Data shown ▸
──────

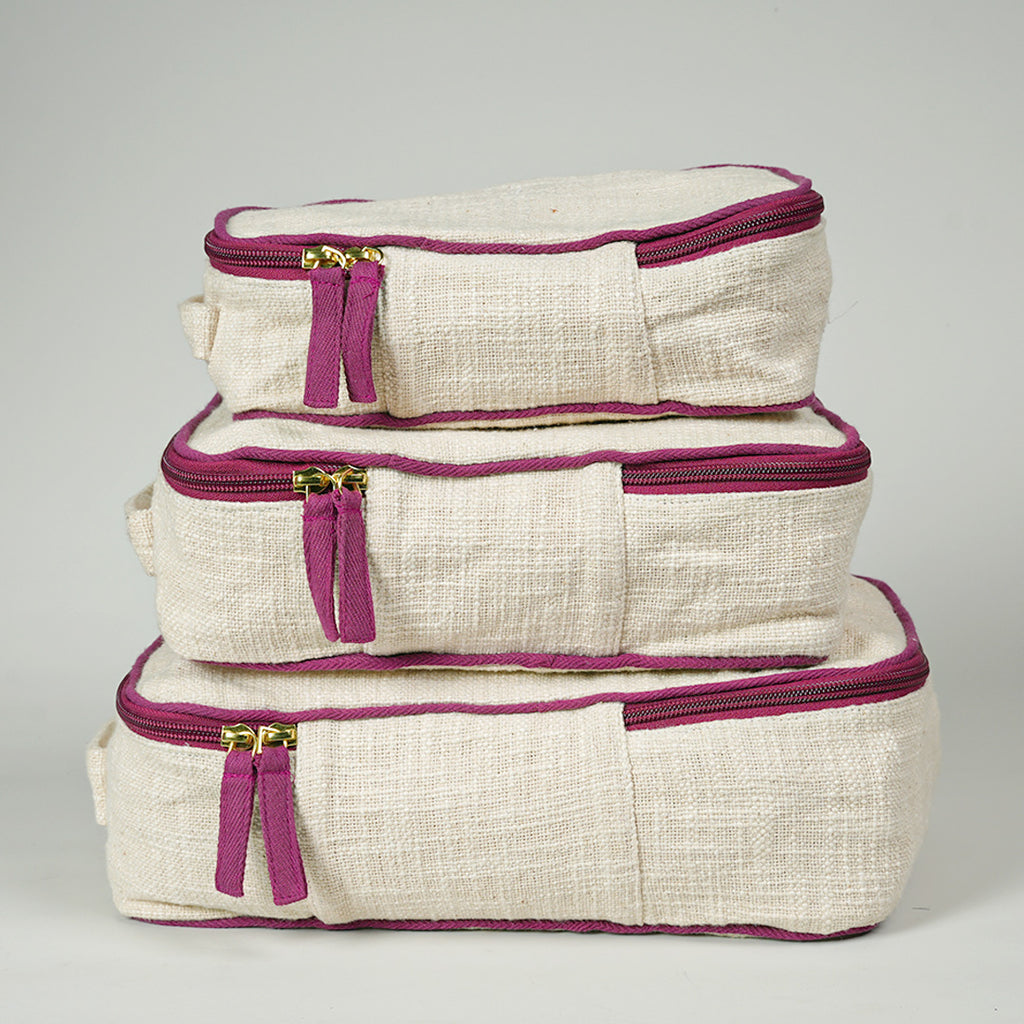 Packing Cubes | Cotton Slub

──────

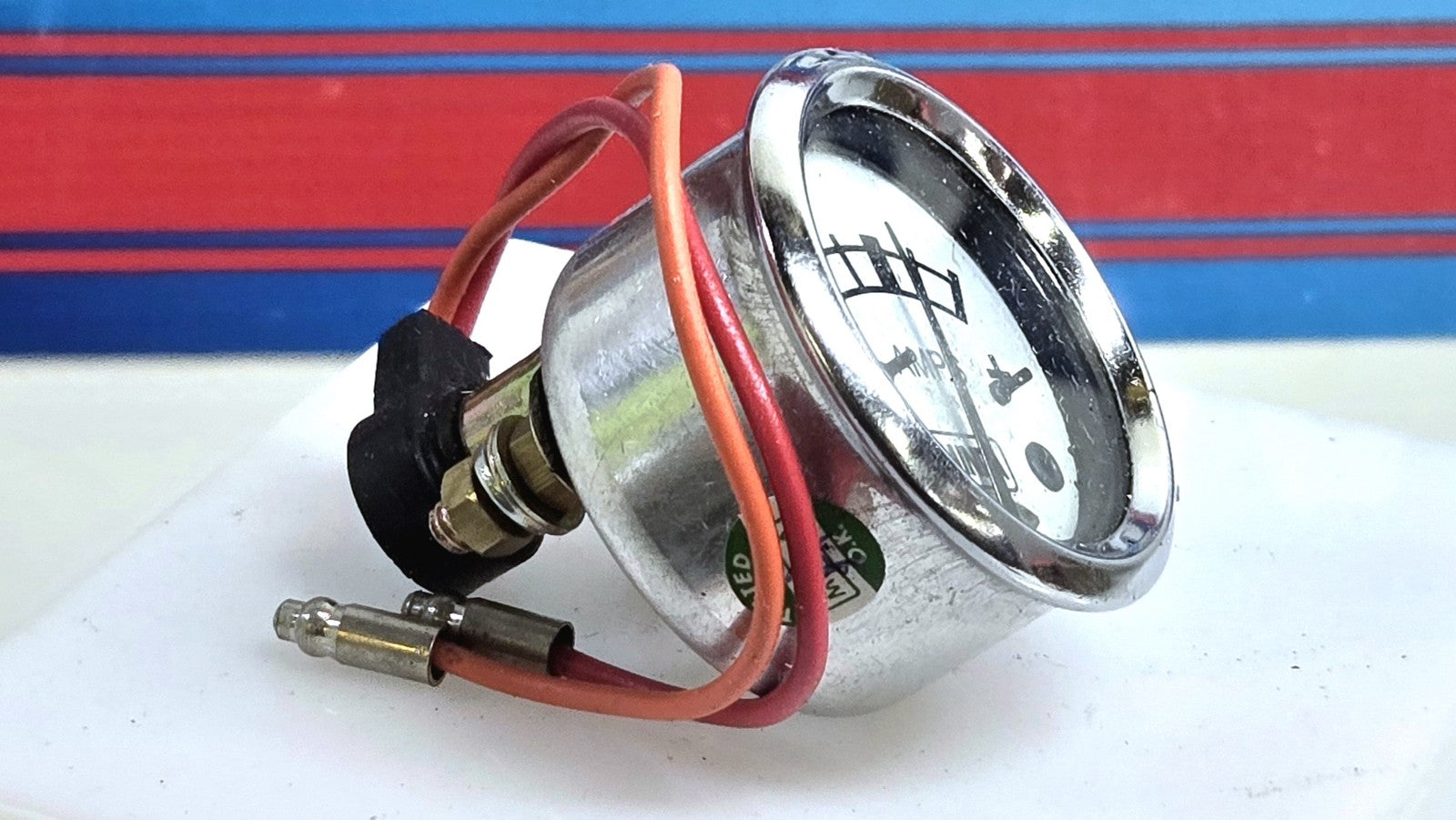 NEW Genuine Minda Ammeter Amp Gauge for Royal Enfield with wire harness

──────

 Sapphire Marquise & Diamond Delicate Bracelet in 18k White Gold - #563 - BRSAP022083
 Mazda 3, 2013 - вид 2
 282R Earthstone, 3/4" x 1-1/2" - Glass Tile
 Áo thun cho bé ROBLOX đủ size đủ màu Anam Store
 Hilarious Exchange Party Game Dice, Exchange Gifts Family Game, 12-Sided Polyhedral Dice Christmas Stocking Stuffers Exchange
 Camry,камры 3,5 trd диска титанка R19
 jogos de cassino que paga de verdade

──────

An exact copy of the lines above, from the one containing "- Glass Tile" down to the one containing "jogos de cassino que paga de verdade" and including both, is the whole answer; retype it and nothing else.

Task output ▸
 282R Earthstone, 3/4" x 1-1/2" - Glass Tile
 Áo thun cho bé ROBLOX đủ size đủ màu Anam Store
 Hilarious Exchange Party Game Dice, Exchange Gifts Family Game, 12-Sided Polyhedral Dice Christmas Stocking Stuffers Exchange
 Camry,камры 3,5 trd диска титанка R19
 jogos de cassino que paga de verdade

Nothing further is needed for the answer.